Action item: Reproduce the entire listing exactly. Leave the pictures out.

Data provided:
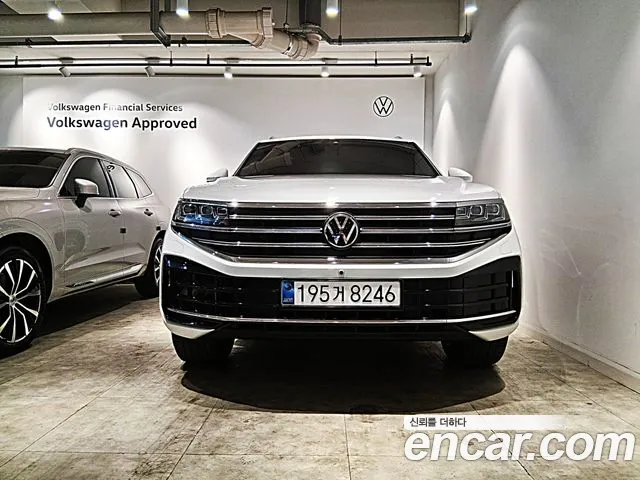 Volkswagen Touareg 3rd Gen — Фото автомобиля 2
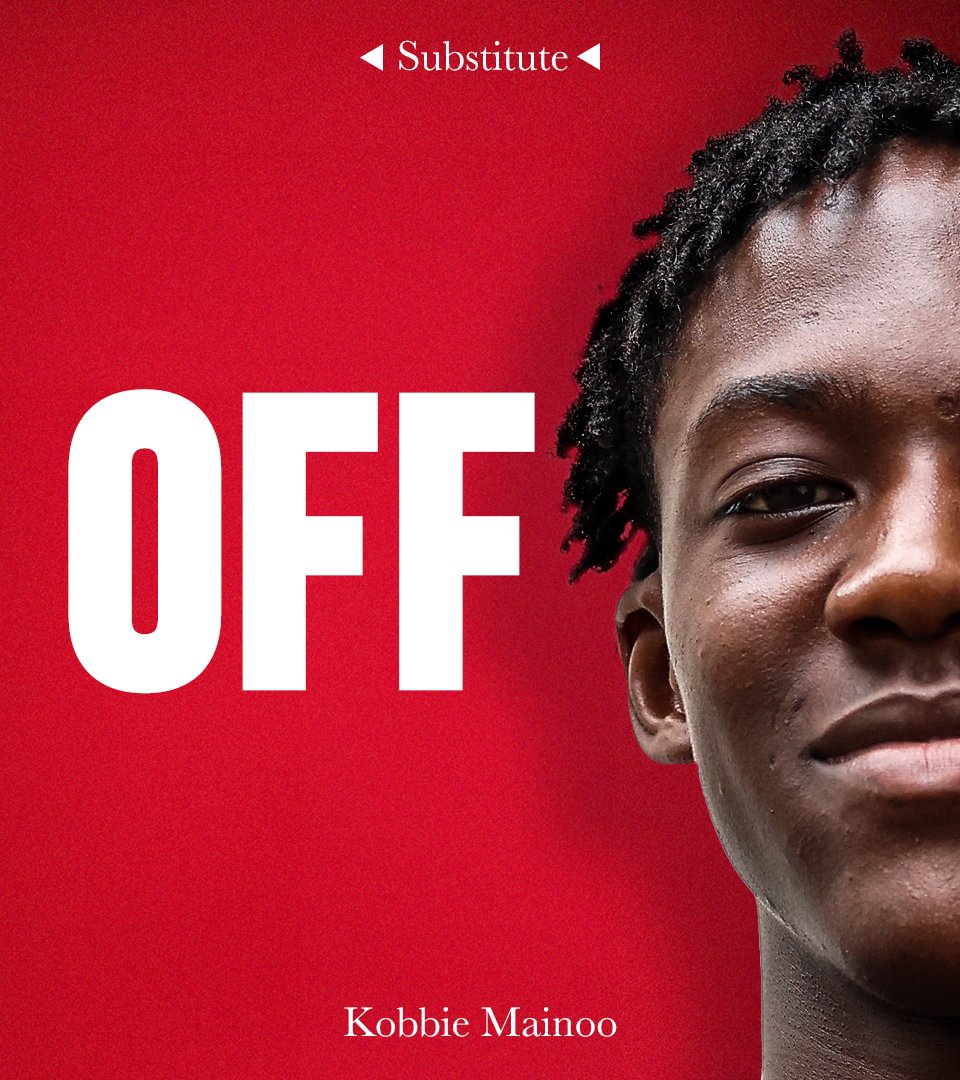 United make a triple change 🔄

#MUFC || #MUNWOL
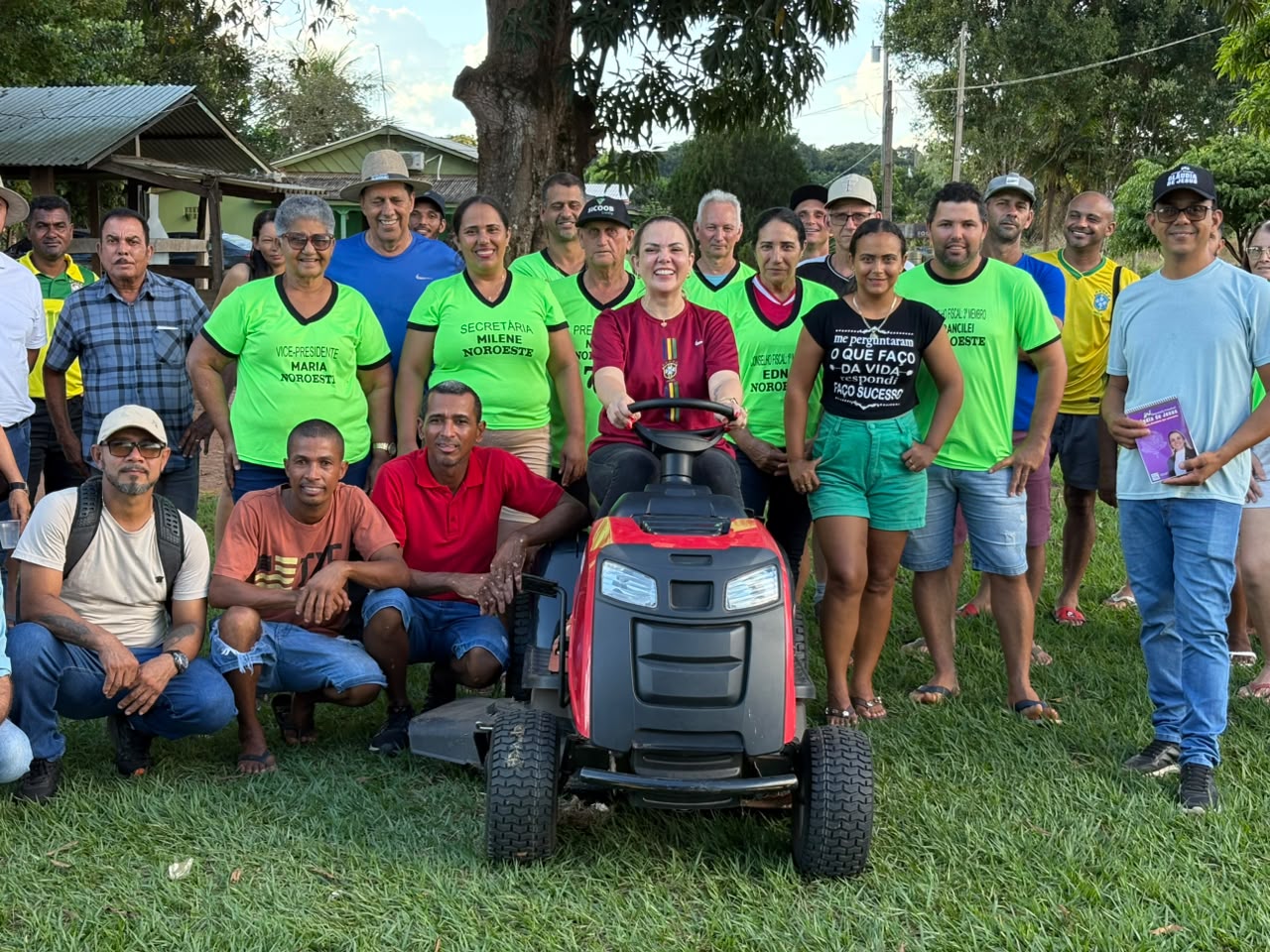 CLÁUDIA DE JESUS: Entrega trator cortador de grama de R$ 32 mil em São Miguel do Guaporé
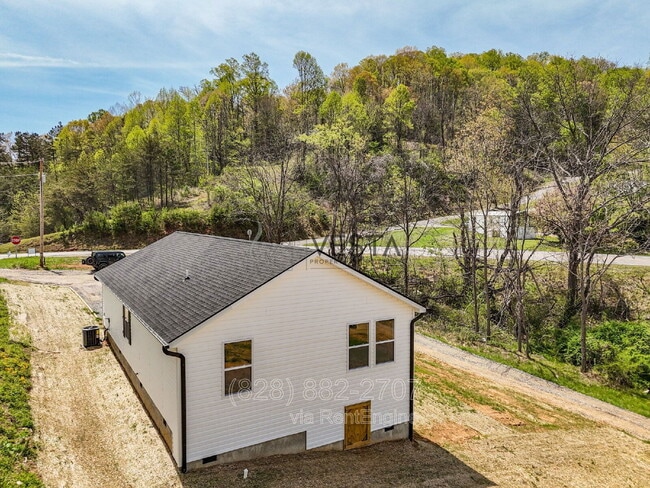 Building Photo - 4 Meadows Town Rd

The answer:
 Volkswagen Touareg 3rd Gen — Фото автомобиля 2
 United make a triple change 🔄

#MUFC || #MUNWOL
 CLÁUDIA DE JESUS: Entrega trator cortador de grama de R$ 32 mil em São Miguel do Guaporé
 Building Photo - 4 Meadows Town Rd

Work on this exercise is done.